INSTRUCTIONS TO FOLLOW: Everything in the records except the pictures should come back exactly as written.

==========

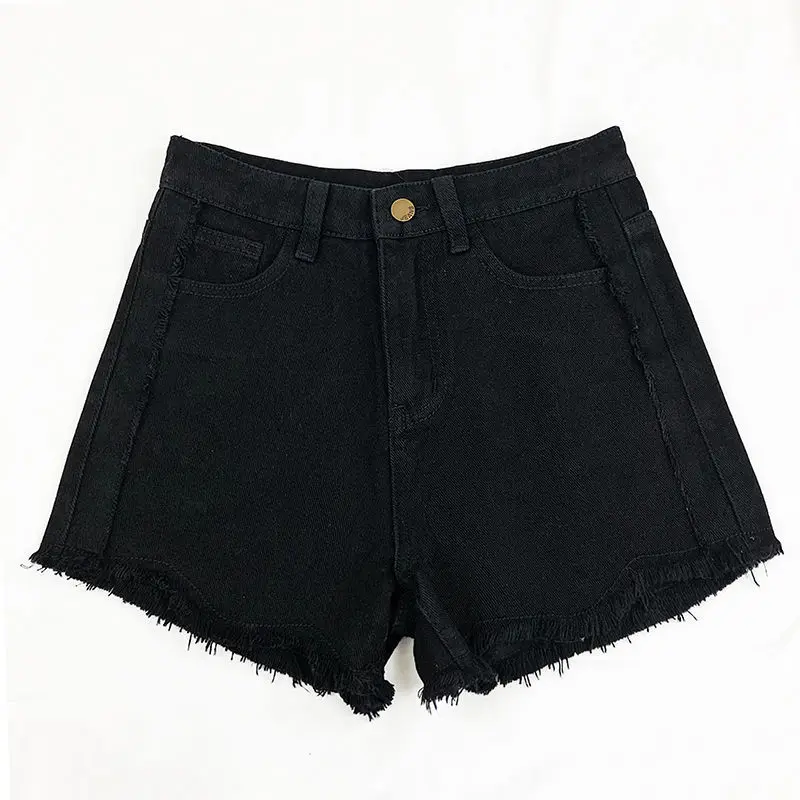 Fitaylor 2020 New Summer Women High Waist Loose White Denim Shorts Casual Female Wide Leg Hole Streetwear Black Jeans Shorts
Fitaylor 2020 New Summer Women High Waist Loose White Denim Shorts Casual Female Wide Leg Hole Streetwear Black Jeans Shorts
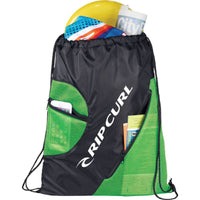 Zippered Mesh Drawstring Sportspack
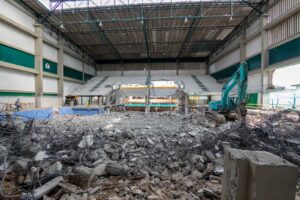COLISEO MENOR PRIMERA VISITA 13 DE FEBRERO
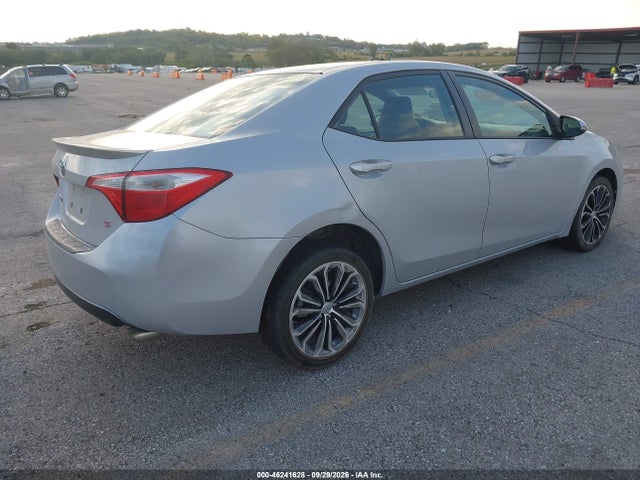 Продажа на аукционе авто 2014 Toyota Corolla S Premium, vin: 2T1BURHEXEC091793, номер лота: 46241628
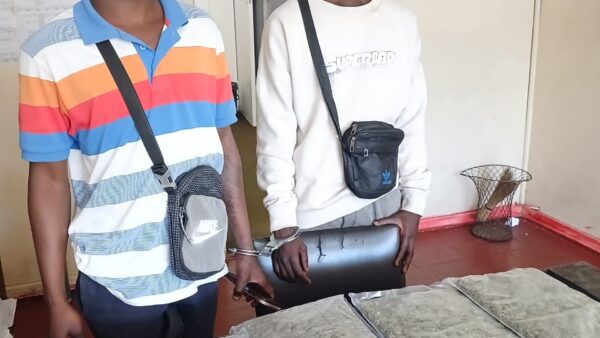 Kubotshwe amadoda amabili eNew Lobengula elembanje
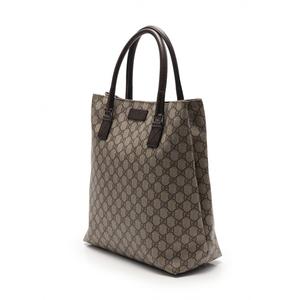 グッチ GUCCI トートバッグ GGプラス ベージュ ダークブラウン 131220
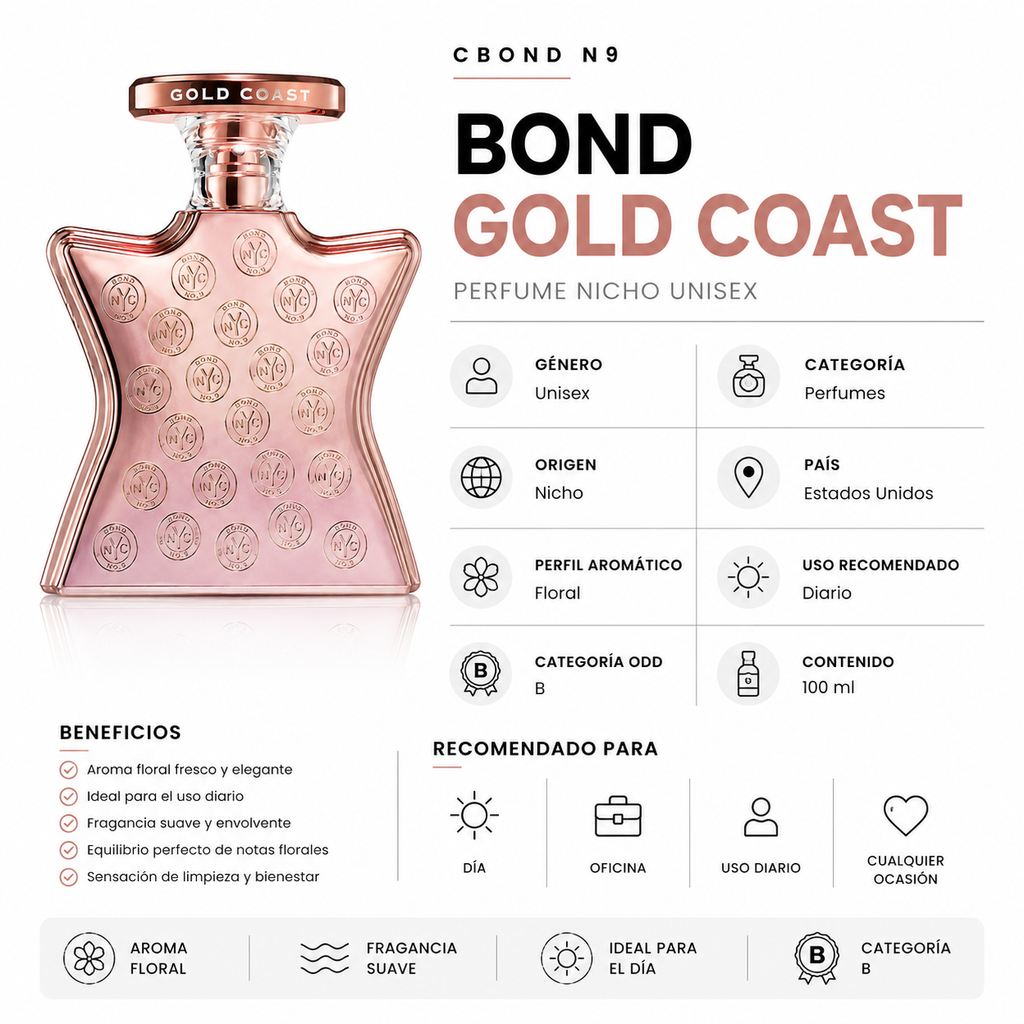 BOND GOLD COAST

==========

SOLUTION BELOW:
 Fitaylor 2020 New Summer Women High Waist Loose White Denim Shorts Casual Female Wide Leg Hole Streetwear Black Jeans Shorts
Fitaylor 2020 New Summer Women High Waist Loose White Denim Shorts Casual Female Wide Leg Hole Streetwear Black Jeans Shorts
 Zippered Mesh Drawstring Sportspack
COLISEO MENOR PRIMERA VISITA 13 DE FEBRERO
 Продажа на аукционе авто 2014 Toyota Corolla S Premium, vin: 2T1BURHEXEC091793, номер лота: 46241628
 Kubotshwe amadoda amabili eNew Lobengula elembanje
 グッチ GUCCI トートバッグ GGプラス ベージュ ダークブラウン 131220
 BOND GOLD COAST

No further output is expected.